Ja, aber dann wären viele von den Tschernobyl-Verantwortlichen ins Gefängnis gewandert.

Gibt es dann überhaupt die Chance, dass eine Regierung einem Ökozid-Gesetz zustimmt?

Das müssen natürlich die Regierungen entscheiden. Die Funktion des Strafrechts ist es, das Denken einzelner Akteure zu ändern und mehr Bewusstsein zu erzeugen. Das bringt uns zu den Nürnberger Prozessen 1945 zurück. Angesichts der Nazi-Verbrecher auf der Anklagebank fragten sich Juristen wie Hersch Lauterpacht und Rafael Lemkin damals: Wie können wir sicherstellen, dass das nie wieder passiert? Und sie hatten die gleiche Antwort wie wir heute für den Ökozid: Indem man das Strafrecht auf internationalem Niveau dazu benutzt, Verbrechen wie Genozid zu kriminalisieren. Heute weiß jeder, der Genozid oder ein Verbrechen gegen die Menschlichkeit begeht, dass er sich damit strafbar macht. Und dass es eine Untersuchung gegen ihn geben könnte. Und vielleicht eine Anklage. Und gegebenenfalls auch ein Verfahren. Eines ist damit klar: Wenn es international verfolgbar ist, dann kann ein Verbrechen nicht mehr unter Berufung auf nationale Gesetzgebung begangen werden, die es unter Umständen ja erlauben könnte.

Es gibt die Initiative „The planet vs Bolsonaro“. Der brasilianische Präsident soll vor den IStGH gebracht werden, weil die von ihm verursachte Vernichtung des brasilianischen Amazonas-Gebietes als Verbrechen gegen die Menschlichkeit gilt. Brauchen wir am Ende gar keinen Ökozid-Strafbestand?

Ich beobachte die brasilianische Initiative mit Interesse. Ich glaube aber, dass es nicht unbedingt so ist, dass das Konzept der Verbrechen gegen die Menschlichkeit alle Umwelt-Verbrechen abdeckt.

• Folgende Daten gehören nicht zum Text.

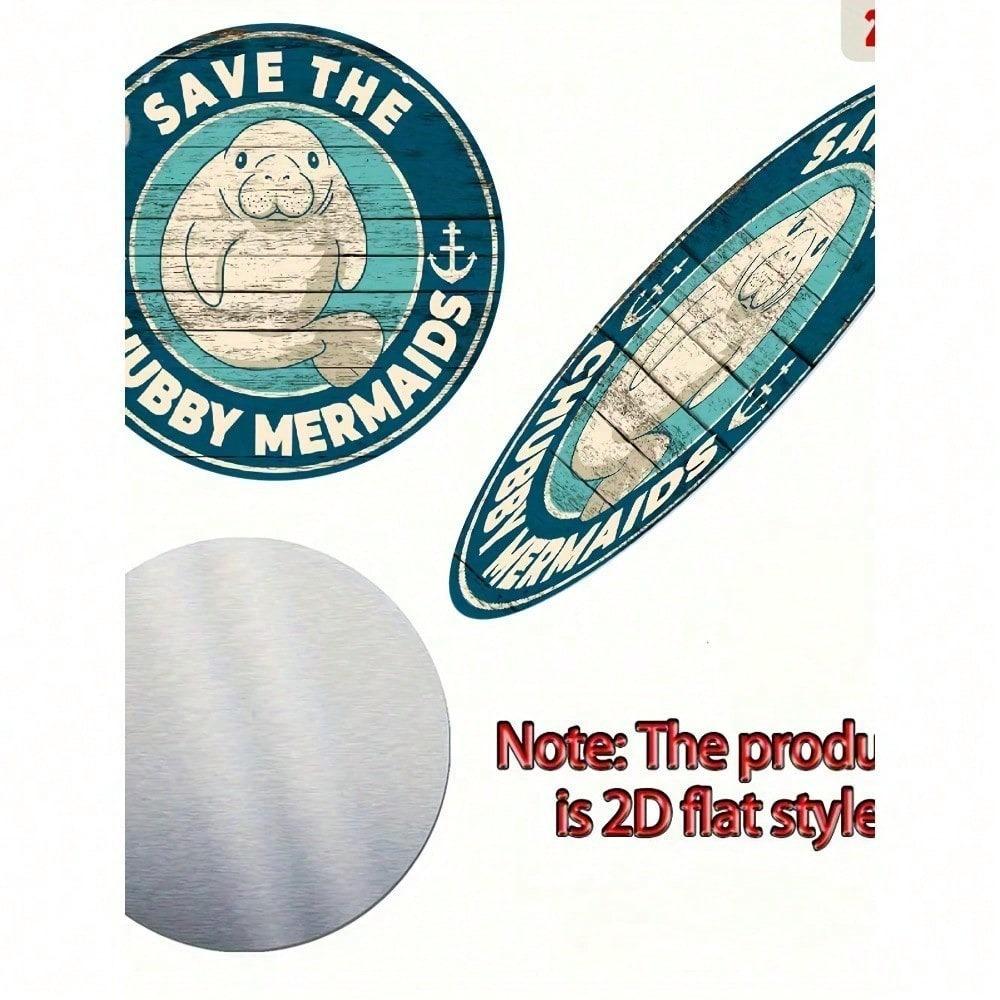 Whimsical Manatee Metal Sign - Save The Mermaids, Round Decorative Wall Art for Marine Themed Store or Garage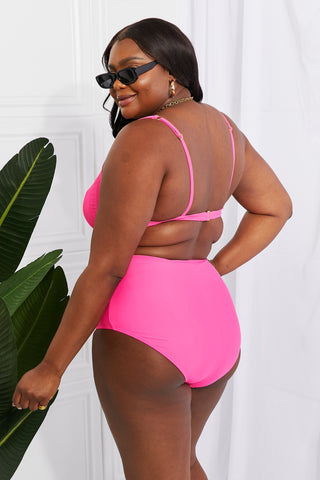 Marina West Swim Take A Dip Twist High-Rise Bikini in Pink Trendsi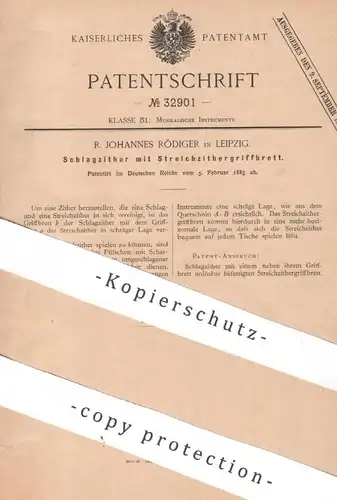original Patent - R. Johannes Rödiger , Leipzig , 1885 , Schlagzitter | Zitter , Musikinstrument , Musik , Streichzitter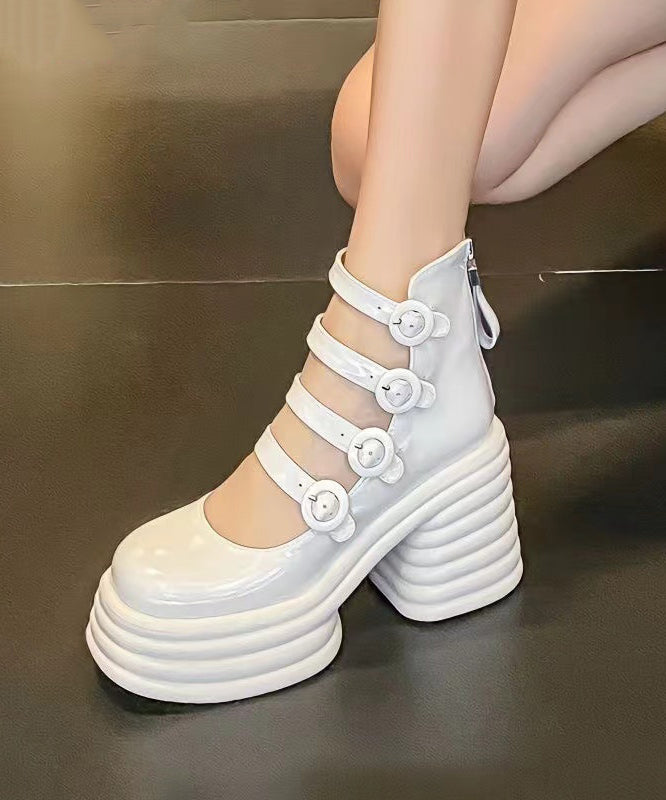 Stylish White Chunky Heel Cowhide Leather Comfortable Sandals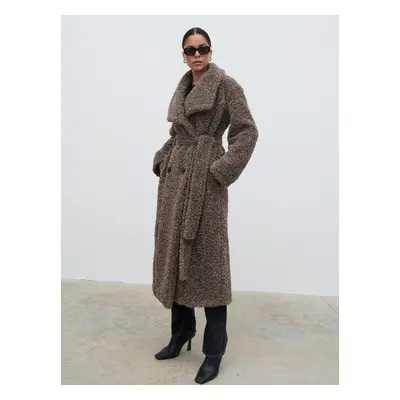 Mahli Shaggy Texture Robe Coat - Taupe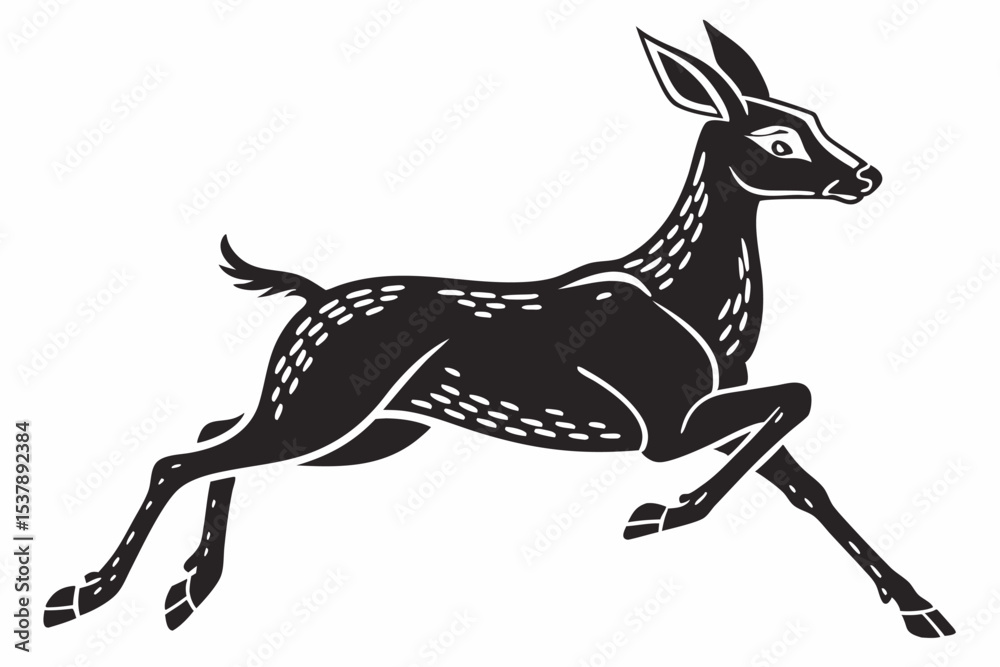 Fototapeta premium silhouette running deer vector illustration white background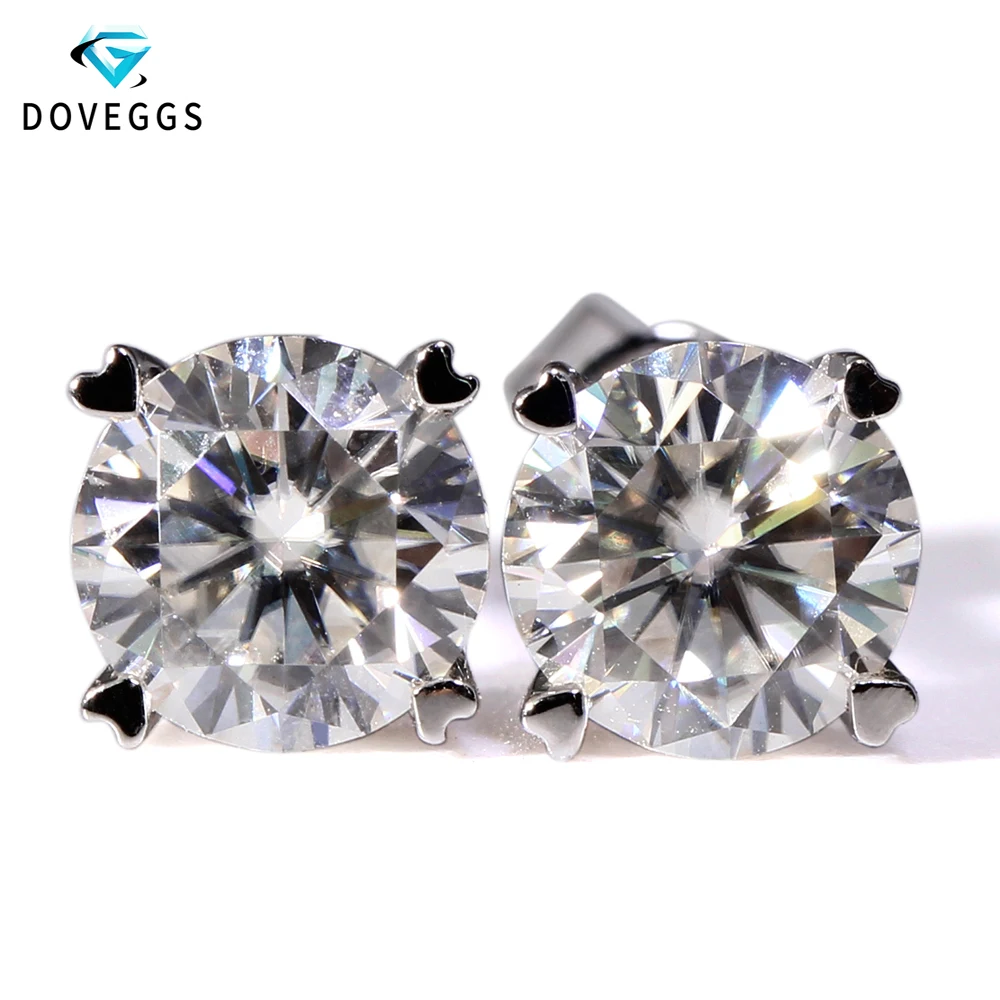 Серьги гвоздики DovEggs из белого золота с муассанитом и бриллиантом 14 к 585 2CTW карата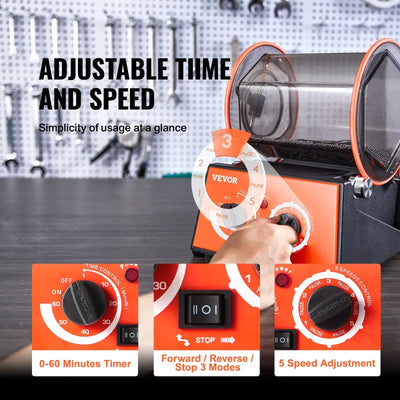 Jewelry Polishing Machine, 3Kg Capacity, 5-Speed, Timer, Black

Sie haben sich in Ihrem Buch „Rückkehr nach Lemberg“ mit Ihrer eigenen Familiengeschichte angesichts des Genozid-Tatbestandes beschäftigt. Fürchten Sie, dass man Sie kritisieren wird, mit dem Tatbestand des Ökozids die Bedeutung des Genozids zu schmälern?

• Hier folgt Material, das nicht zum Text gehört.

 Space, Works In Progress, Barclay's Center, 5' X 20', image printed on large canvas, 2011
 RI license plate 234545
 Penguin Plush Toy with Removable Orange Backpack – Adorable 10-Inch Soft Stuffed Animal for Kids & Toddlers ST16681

Lassen Sie mich eine Anekdote erzählen. Ich war bei einem Talk im Holocaust-Museum von Los Angeles anlässlich meines Buches „Rückkehr nach Lemberg“. Danach sagte eine alte Dame zu mir: „Mr. Sands, ich bin eine Auschwitz-Überlebende. Ich höre Sie hier über Ruanda reden. Warum haben Sie nicht gesagt, dass der Holocaust das Schlimmste ist, was jemals in der menschlichen Geschichte verbrochen wurde?“ Ich sagte: „Bei allem Respekt gegenüber Ihnen und Ihrer Familie, ich mag keine Hierarchien des Horrors. Für die Menschen, die in Ruanda gestorben sind, war das das Schlimmste, was in der Geschichte passiert ist.“

Für viele Überlebende des Holocaust ist die Anerkennung wichtig, dass es sich bei der Vernichtung der Juden um ein einmaliges Verbrechen handelte.

Ich will einfach keine Ligatabelle zwischen Genoziden und Verbrechen gegen die Menschlichkeit aufstellen. Wenn wir heute über Morde, Folter und Vergewaltigung sprechen, dann wollen wir das Bewusstsein dafür stärken, dass es sich hier um Verbrechen handelt. Wenn wir die Umwelt schützen können, indem wir das internationale Strafrecht auffahren, dann dient das in keiner Weise dazu, den Genozid und den Holocaust gegen die Juden kleinzureden.

Die Fragen stellte Tessa Szyszkowitz.